Service Outage: Power Loss at Primary Data Center Due to Backup Power Failure
- July 20, 2015
- 2 Comments
This morning the Softlayer datacenter where DPD’s primary servers are located experienced power loss.
The Softlayer datacenter has both battery and backup generator backup power supplies, but the automatic transfer switch for the backup generators failed, resulting in DPD’s servers losing power when the backup battery supplies were exhausted.
This resulted in an unclean shutdown of DPD’s primary database server. As a result, the database was corrupted on disk. DPD maintains regular backups of database data and we immediately worked to restore the latest backup that happened approximately 39 minutes before the power loss event.
DPD is now up and fully operational.
We are working to restore the missing data that happened between the time the last backup happened at 6:25 AM EST and the power loss event at 7:04 AM EST. We hope to restore this data within the next 24-48 hours but we’ll need to extract the data from the corrupt database and insert it in to the new restored database, so it will take some time to complete.

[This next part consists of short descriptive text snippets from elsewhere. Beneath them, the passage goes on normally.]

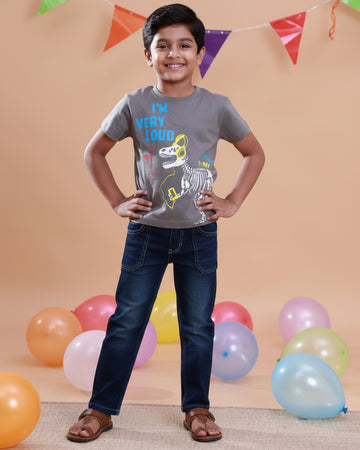 Boys Festive Stylish Printed T- Shirt - Dark Grey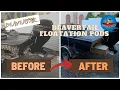 Beavertail Aluminum Boat Floatation Pods Weld-on Before and After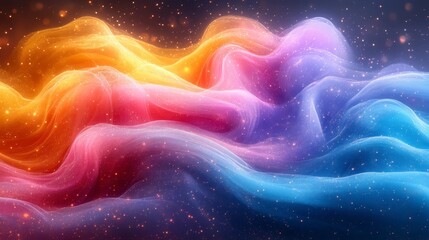 Colorful abstract waves, cosmic background, energy flow, design element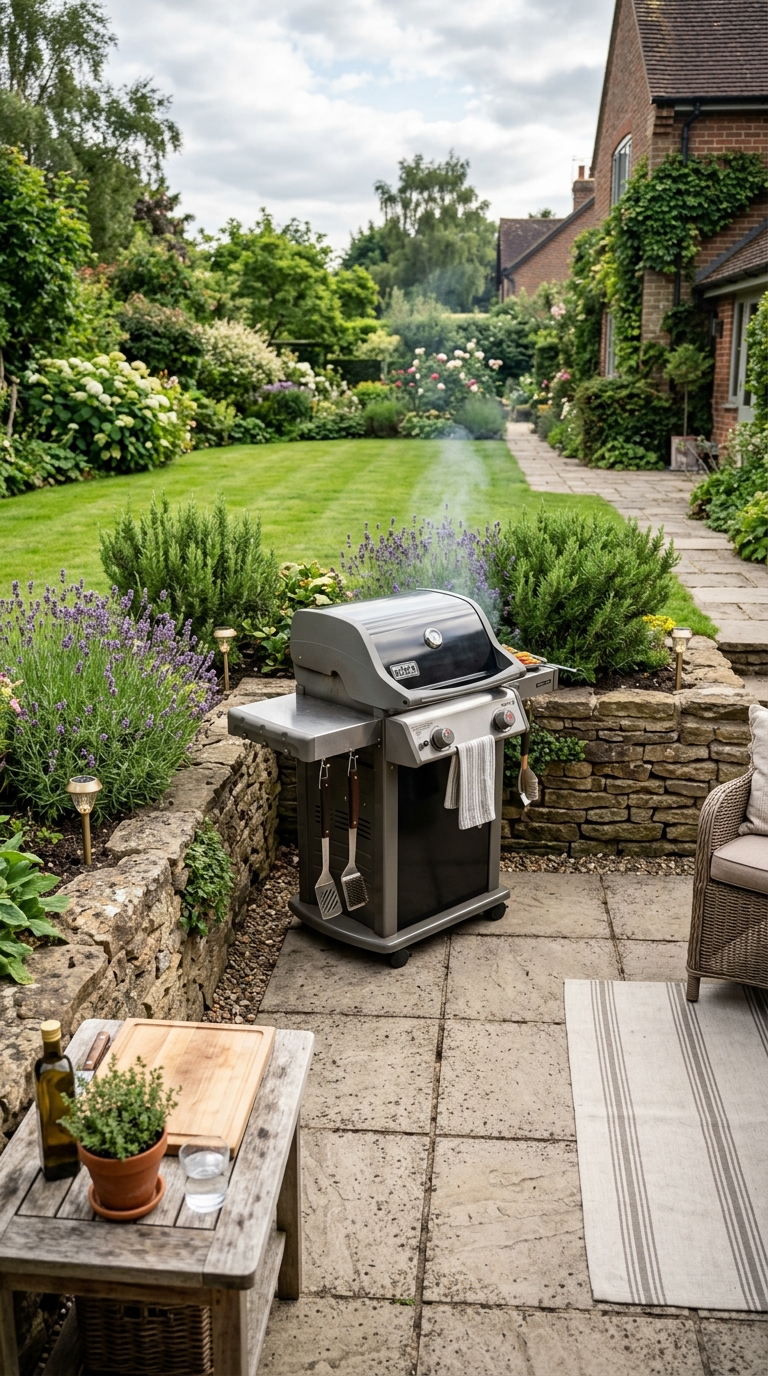 Outdoor grill nook with paver patio flooring and raised stone planter borders filled with herbs and greenery
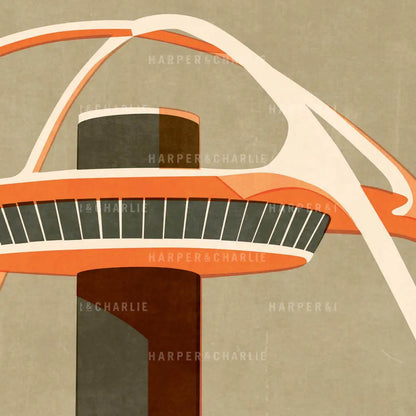 The Theme Building, Los Angeles International Airport LAX Colour Print Close Up View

Power Outage Event Timeline:
All times Eastern
- 6:25 : Last regular database backup.
- 7:04 : Our datacenter received a power outage. Redundant power failed to take over before battery backups were exhausted. The pod our servers are located in then lost power.
- 9:40 : Power was restored.
- 9:41 : We discovered an anomaly with the database. Further investigation shows on-disk corruption from the power outage.
- 10:10 : It was determined that the database was not recoverable in a reasonable time and we would restore from backup.
- 10:45 : Recovery complete. Approximately 39 minutes of data was lost in the recovery.
- Ongoing: We’re working to restore the missing data between the last backup and the outage. Updates will be posted as they happen.
We responded to support requests through our help desk, email, Twitter, and Facebook during the outage. We are looking into better ways of relaying system status to you in the future, including a 3rd party status monitor everyone can check.